Ita lived from 475 to 570, born in Waterford she settled in modern day Limerick and the town which grew up around her was called Killeedy meaning ‘The Church of St Ita.’ She led a group of women in the town and formed a school for young boys to be educated in the ways of the lord. She was a foster mother at the same time and some of her foster children became saints in their own right. She led a tight and frugal household and passed these virtues onto her foster children and nuns.
She was gifted with prophecy and many theologians and scholars at the time, men and women, asked for her advice and foresight into matters they were pondering. She knew she was getting close to the end of her life and summoned her nuns to her, she blessed them and the clergy and the town of Killeedy. She died, mostly likely from cancer, contemporary accounts suggest a beetle ‘consumed her side’ and grew to the size of a pig while still attached, but that was most likely to have been an aggressive tumour in reality.
Today her message of austerity is once again in the thoughts of the people of Killeedy but living frugally doesn’t mean you can’t have a beautiful new set of rosary beads, head over to our plastic rosary beads section to see some of the great offers we have available.
January 15th, 2013
Saint Kentigern is a Scottish saint who’s feast is celebrated every year on 13th January. He is known in England and Wales by his given name and in Scotland by his pet name of St Mungo.
During his life in the 6th Century he founded the city of Glasgow and is the patron saint of that city today. He is also the patron saint of salmon, people accused of infidelity and against bullies.

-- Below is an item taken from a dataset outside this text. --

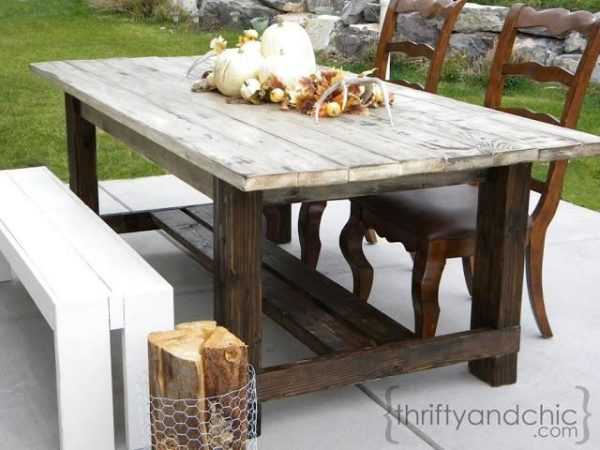 DIY Farmhouse Table by Thrifty and Chic, 20 DIY Farmhouse Projects 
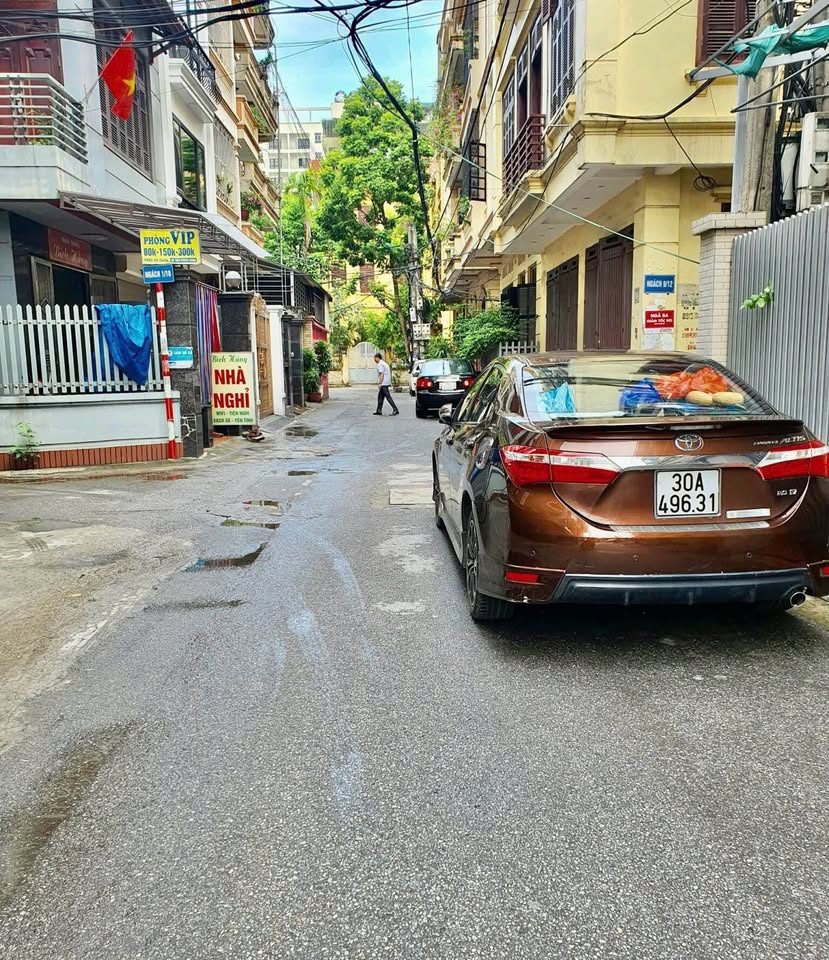 Bán nhà 5 tầng Bắc Từ Liêm, 35m2, ô tô đỗ cổng, sổ sẵn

Born to a Scottish Princess out of wedlock Mungo was born on the banks of the River Clyde, he was brought up and taught by Saint Serf who was converting and preaching to the Picts in the region. Saint Serf renamed him Mungo and he used it for the rest of his life.
Despite their initial love for Christian teaching the people of Strathclyde soon turned on Christians following their King Morken’s wishes. Mungo decided to leave the city he founded and the life of austerity and chastity he had led for 13 years since beginning his missionary. He decided to retire to Wales. He travelled there via Cumbria and St David’s where he spent time with St David and eventually settling in modern day St Asaph where he founded the cathedral.
In later life he undertook to go to Rome on a pilgrimage but the new King of Strathclyde invited him to return to his homeland and he accepted. He returned and the city of Glasgow grew around him. He grew old and according to legend died in his bath.
He is credited with 4 miracles, bringing a bird back to life, restarted a fire that had been extinguished, the bell from Rome to mourn the dead and catching a fish that proved the fidelity of the Queen of Strathclyde. The symbols of these 4 miracles make up the crest of the city of Glasgow.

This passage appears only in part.